Rosen, Valenti Warn Colleges About P2P
fini writes "The RIAA and MPAA just sent a letter to 2,300 colleges or so, asking to crack down on P2P. Juicy nugget: 'Not only is piracy of copyrighted works illegal, it can take up a significant percentage of a university's costly bandwidth.' Also mentioned, some quasi-FUD on security issues. Six higher-ed honchos also sent a concurring letter. From the RIAA website, here's the story and the letters (PDF only). Mentioned as examples of model policies: Drake University, UNC Chapel Hill and University of Michigan . Interestingly enough, there is no threatening 'or else' stuff in those letters. Not yet..."
Doesn't _every_ college that provides high-speed internet to students already know this!?
Sounds more like they are sending letters to colleges as a message to somebody else. Not the administrations, not the students, that's for sure.
Though she's as bad as the rest, Courtney Love had it right when she asked how much she, as an artist, would be getting in refunds due to RIAA awards against MP3.com and similar services. If her balance hasn't been positive due to these offensive attacks then we can only assume this is only about fat, bald bureaucrats at the RIAA. I'd love to proven wrong but...
The cost of which will no doubt, be charged as "operating expenses" to the webcasting royalties they are collecting, before the artists get a dime. The only thing the RIAA and their members are adept at is spending the artists money to guarantee that they never recoup.
Before everyone goes off on P2P:
Right now there is a major server-side bandwidth shortage. It's expensive to run a major web site. There is a client-side bandwidth glut. It's cheap to browse the internet.
The server-side bandwidth cost means is very hard to host significant content for low cost, especially if you start to get popular. This hurts web content for everyone.
The solution? P2P-type networks. Move that client-side bandwidth over to the server side. Why should someone download a web page or file from a single server when they could download it from the last ten people who viewed that same page or file? Sending every web page you visit on to another person (or 5 people) does not incur a significant rise in the cost of you connection. Sending a web page to a million people a month from one server does.
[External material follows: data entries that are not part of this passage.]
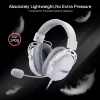 Redragon Aurora Cuffie gaming over-ear, Bianco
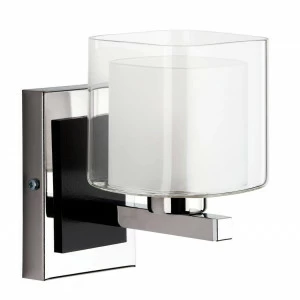 Бра настенное белое Alfa Square 16330 ALFA SQUARE 00-3928301 Белый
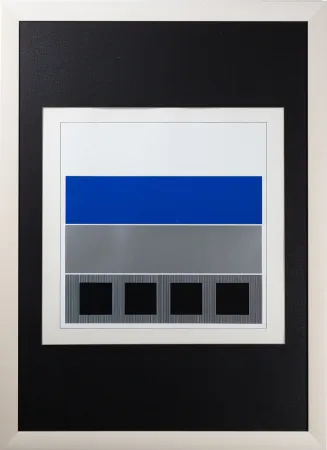 Siebdruck Soto - Caroni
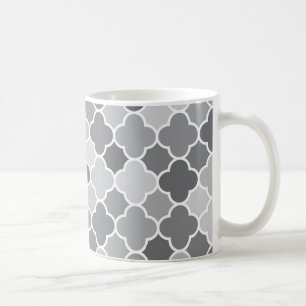 Marokkaans patroon koffiemok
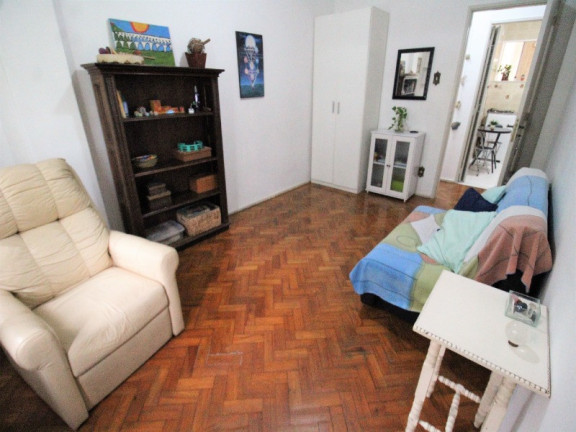 Imagem Apartamento com 2 Quartos para Temporada, 100 m² em Ipanema - Rio De Janeiro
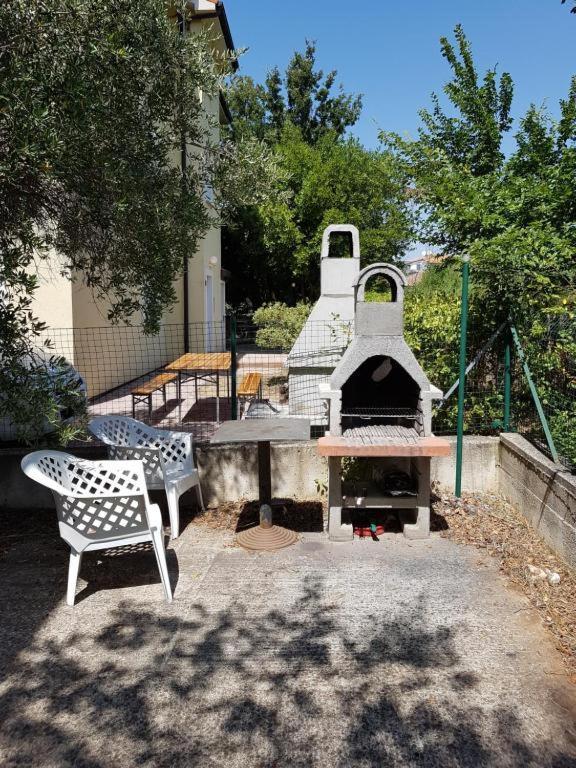 Apartman Krase Medulin Extérieur photo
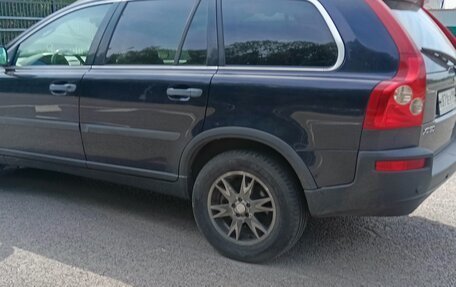 Volvo XC90 II рестайлинг, 2004 год, 700 000 рублей, 12 фотография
And when P2P starts to open up the web for everyone, there are going to be a lot of people who are going to be pretty sorry that they were so narrow-minded that they made it easy for colleges, cable companies, and phone companies to restrict bandwidth for P2P networks just to save a few dollars.
Juicy? It *can* take up a significant percentage of bandwidth. Bandwidth *is* costly. The copying of copyrighted works, according to current concensus, *is* illegal. Even if you don't agree with the illegality of it, how is the fact that the RIAA believes copying is illegal surprising or revealing?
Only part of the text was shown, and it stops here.